Physicians are required to distribute these new Notices of Privacy Practices only to new patients. "However, many are distributing their new Notices of Privacy Practices to current patients as well, so every patient has the latest information about their privacy rights," says Stratton.
Everything in prior Notice of Privacy Practices still is required, along with these additional items:
- information related to an individual’s right to notification after a breach;
- descriptions of uses and disclosures requiring authorization (such as psychotherapy notes, marketing, and sale of medical information);
- a statement indicating that individuals have a right to restrict certain disclosures of medical information to a health plan where the individual pays for the service entirely out of pocket;
- a statement that individuals have a right to opt out of fundraising communications.

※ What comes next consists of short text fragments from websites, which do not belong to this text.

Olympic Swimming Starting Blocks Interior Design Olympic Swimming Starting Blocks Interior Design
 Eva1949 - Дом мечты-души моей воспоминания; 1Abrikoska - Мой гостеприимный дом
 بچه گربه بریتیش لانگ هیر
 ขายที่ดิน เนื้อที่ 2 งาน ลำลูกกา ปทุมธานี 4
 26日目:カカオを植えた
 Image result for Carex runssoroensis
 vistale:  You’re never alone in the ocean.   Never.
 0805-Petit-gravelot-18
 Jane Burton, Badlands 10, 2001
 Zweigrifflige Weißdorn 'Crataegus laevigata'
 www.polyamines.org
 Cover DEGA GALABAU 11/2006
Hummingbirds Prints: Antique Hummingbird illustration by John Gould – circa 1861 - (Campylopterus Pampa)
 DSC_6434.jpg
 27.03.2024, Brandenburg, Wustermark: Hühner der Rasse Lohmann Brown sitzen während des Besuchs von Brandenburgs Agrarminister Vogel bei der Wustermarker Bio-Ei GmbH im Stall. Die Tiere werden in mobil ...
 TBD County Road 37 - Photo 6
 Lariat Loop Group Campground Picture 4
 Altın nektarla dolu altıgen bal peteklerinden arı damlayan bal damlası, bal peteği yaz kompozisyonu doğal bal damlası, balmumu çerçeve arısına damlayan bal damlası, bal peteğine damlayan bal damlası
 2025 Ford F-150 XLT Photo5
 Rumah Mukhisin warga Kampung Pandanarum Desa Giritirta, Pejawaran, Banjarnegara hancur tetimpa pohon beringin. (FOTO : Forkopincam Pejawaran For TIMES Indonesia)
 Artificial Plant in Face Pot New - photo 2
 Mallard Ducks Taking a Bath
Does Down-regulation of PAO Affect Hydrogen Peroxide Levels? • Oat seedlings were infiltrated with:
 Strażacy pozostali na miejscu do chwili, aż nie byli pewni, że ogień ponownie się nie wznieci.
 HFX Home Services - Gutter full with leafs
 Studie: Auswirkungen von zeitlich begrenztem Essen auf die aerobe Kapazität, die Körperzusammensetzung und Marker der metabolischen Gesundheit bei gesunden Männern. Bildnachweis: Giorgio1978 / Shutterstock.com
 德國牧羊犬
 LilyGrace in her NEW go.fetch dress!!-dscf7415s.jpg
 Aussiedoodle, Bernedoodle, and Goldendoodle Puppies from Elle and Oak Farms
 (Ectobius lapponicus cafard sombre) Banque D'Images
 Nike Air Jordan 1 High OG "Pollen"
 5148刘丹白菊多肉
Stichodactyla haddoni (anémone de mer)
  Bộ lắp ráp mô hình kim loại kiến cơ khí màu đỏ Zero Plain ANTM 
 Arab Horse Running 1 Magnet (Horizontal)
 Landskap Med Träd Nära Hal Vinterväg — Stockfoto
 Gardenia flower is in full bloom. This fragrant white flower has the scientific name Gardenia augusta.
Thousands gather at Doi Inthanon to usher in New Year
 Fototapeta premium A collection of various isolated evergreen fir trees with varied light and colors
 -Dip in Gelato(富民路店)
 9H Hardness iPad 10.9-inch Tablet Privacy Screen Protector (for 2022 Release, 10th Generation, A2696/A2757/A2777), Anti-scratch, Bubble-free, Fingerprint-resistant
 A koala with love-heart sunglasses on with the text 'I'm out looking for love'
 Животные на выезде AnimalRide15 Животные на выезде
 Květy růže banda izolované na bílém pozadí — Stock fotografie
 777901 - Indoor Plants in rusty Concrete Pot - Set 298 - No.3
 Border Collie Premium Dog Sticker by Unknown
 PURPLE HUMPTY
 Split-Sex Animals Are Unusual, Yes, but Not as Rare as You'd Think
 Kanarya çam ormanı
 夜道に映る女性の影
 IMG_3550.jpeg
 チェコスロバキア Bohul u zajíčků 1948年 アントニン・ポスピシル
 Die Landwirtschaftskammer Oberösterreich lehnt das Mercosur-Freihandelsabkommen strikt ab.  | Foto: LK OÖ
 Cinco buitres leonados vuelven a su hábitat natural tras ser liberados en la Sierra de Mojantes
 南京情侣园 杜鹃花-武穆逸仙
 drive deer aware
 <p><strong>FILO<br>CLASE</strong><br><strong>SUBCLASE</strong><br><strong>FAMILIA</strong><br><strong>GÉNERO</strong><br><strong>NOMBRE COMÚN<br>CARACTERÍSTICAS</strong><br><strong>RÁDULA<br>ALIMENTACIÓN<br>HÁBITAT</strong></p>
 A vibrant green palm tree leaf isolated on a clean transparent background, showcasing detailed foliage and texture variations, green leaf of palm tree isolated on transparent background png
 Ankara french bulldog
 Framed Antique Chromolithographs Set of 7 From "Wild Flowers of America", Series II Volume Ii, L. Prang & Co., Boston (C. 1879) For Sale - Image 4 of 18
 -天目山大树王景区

The final regulations made penalties steeper, with the potential of fines of up to $1.5 million for all violations of the same HIPAA requirement or prohibition.
"Additionally, there is no maximum limit on the amount of fines per year. It all depends on how many different kinds of violations are found," says Stratton. (For examples of the notices of privacy practices that must be furnished to patients, go to http://www.hhs.gov/ocr/privacy/hipaa/modelnotices.html.)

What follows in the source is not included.